■ Task prompt: I need the entries printed again word for word, without the images.

[Records contained in a dataset]
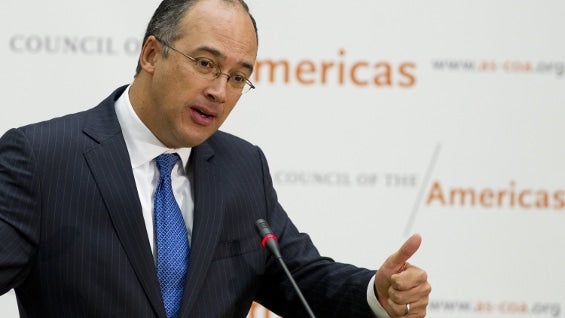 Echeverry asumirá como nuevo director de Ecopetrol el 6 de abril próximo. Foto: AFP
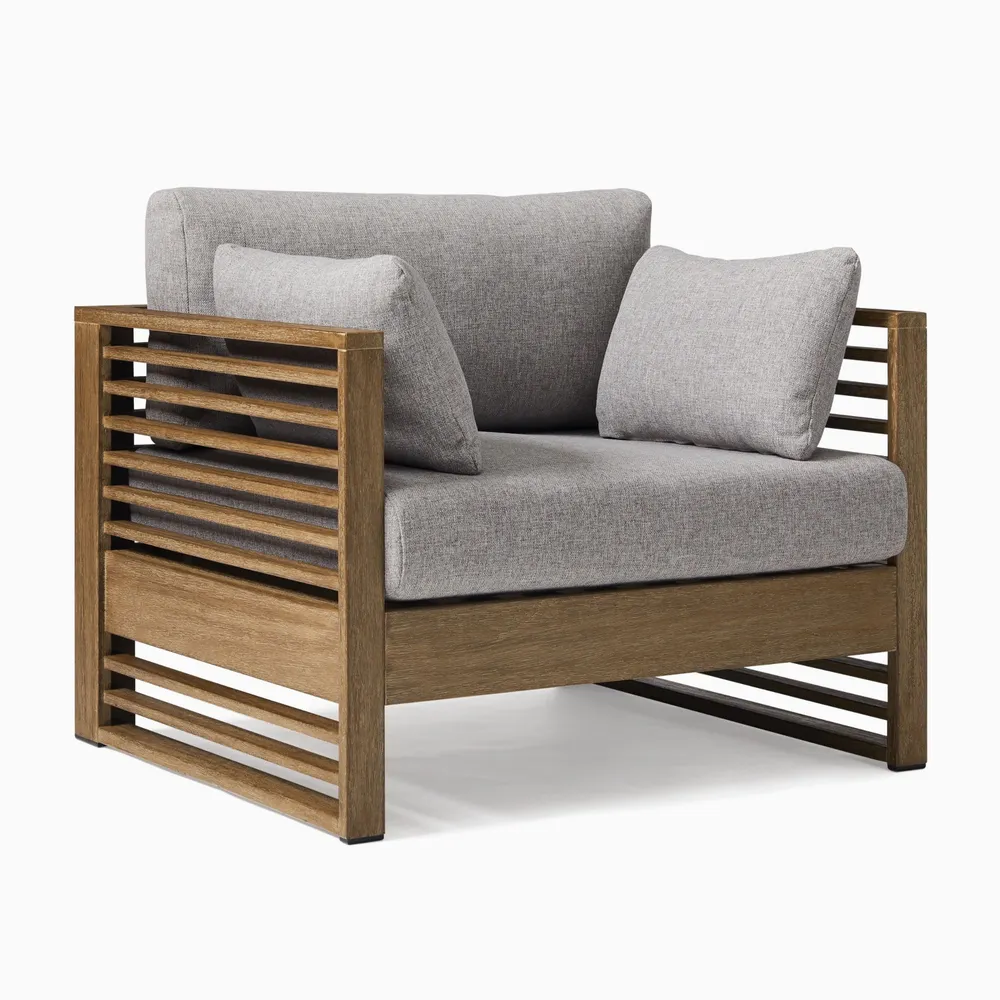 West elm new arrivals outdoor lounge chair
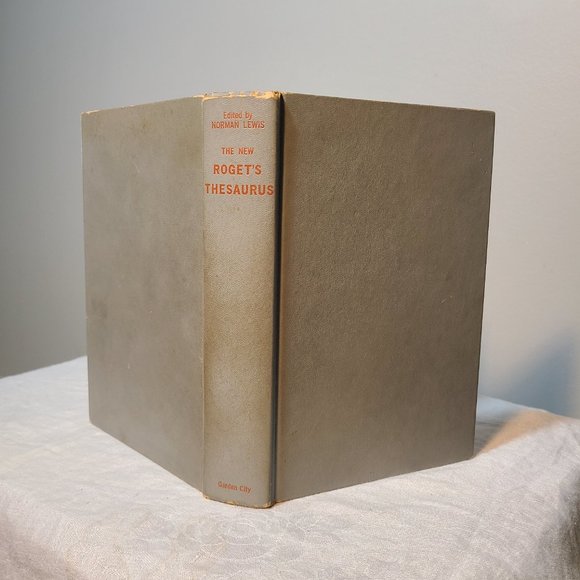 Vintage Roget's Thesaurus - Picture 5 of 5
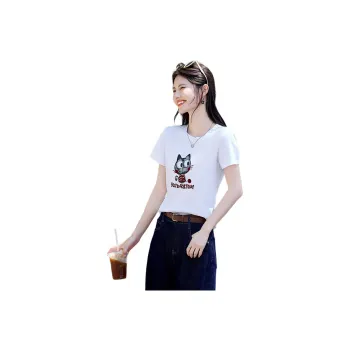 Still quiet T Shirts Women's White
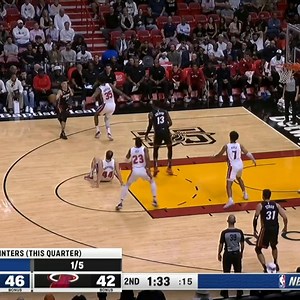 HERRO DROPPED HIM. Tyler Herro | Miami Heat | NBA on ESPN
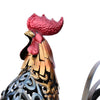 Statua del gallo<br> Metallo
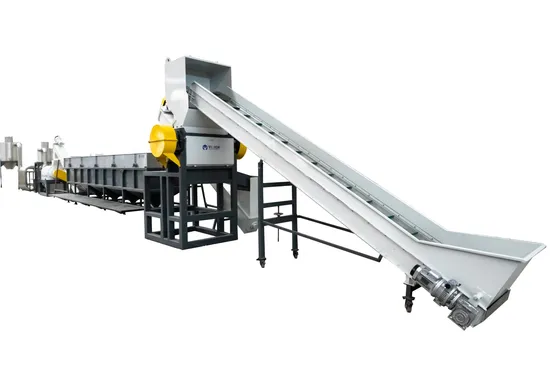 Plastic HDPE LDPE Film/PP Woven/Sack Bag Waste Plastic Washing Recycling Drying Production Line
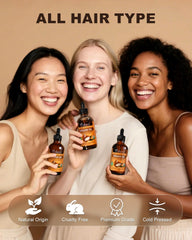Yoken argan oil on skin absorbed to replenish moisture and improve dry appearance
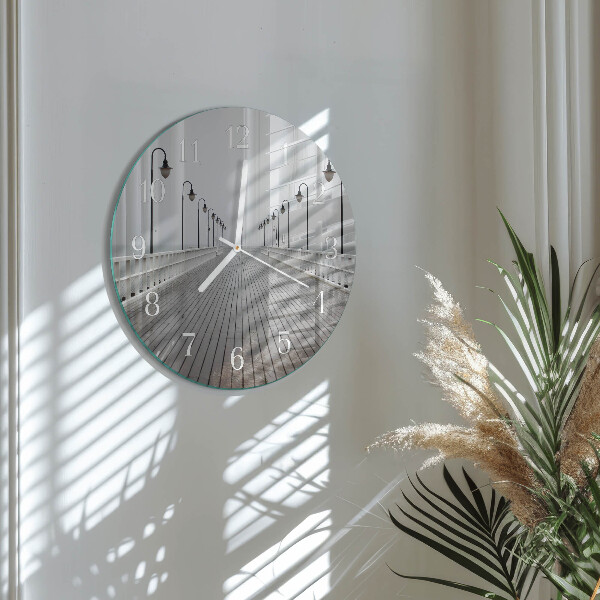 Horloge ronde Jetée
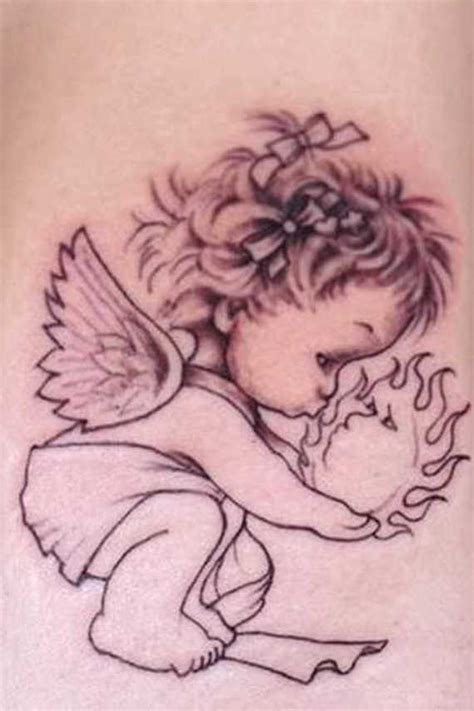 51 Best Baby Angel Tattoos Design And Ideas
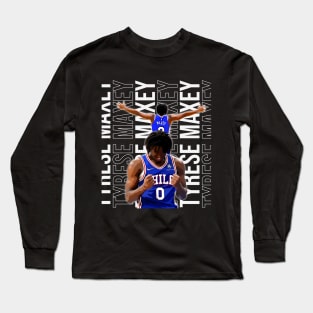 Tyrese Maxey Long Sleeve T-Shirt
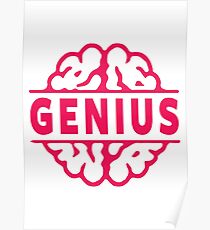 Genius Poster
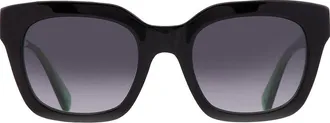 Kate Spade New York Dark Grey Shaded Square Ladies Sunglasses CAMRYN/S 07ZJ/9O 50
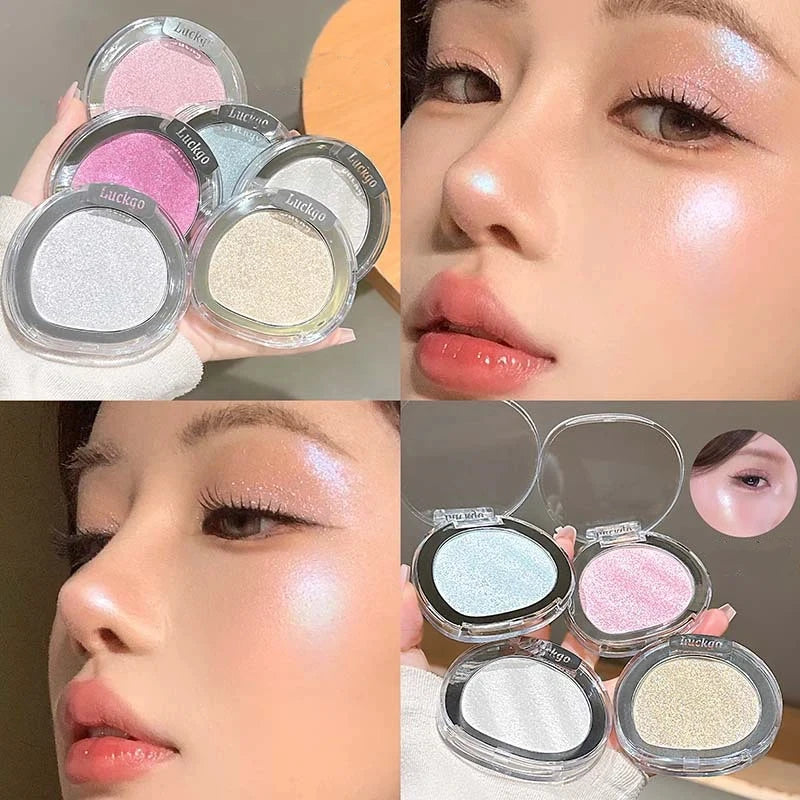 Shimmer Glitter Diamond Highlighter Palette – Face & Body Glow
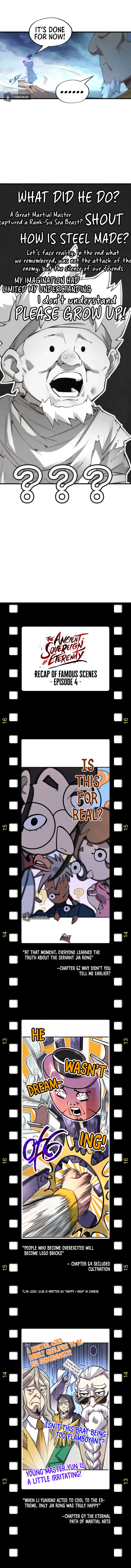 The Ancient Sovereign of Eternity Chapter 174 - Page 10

■ Answer area:
 Echeverry asumirá como nuevo director de Ecopetrol el 6 de abril próximo. Foto: AFP
 West elm new arrivals outdoor lounge chair
 Vintage Roget's Thesaurus - Picture 5 of 5
 Still quiet T Shirts Women's White
 HERRO DROPPED HIM. Tyler Herro | Miami Heat | NBA on ESPN
 Statua del gallo<br> Metallo
 Plastic HDPE LDPE Film/PP Woven/Sack Bag Waste Plastic Washing Recycling Drying Production Line
Yoken argan oil on skin absorbed to replenish moisture and improve dry appearance
 Horloge ronde Jetée
 51 Best Baby Angel Tattoos Design And Ideas
 Tyrese Maxey Long Sleeve T-Shirt
 Genius Poster
 Kate Spade New York Dark Grey Shaded Square Ladies Sunglasses CAMRYN/S 07ZJ/9O 50
 Shimmer Glitter Diamond Highlighter Palette – Face & Body Glow
 The Ancient Sovereign of Eternity Chapter 174 - Page 10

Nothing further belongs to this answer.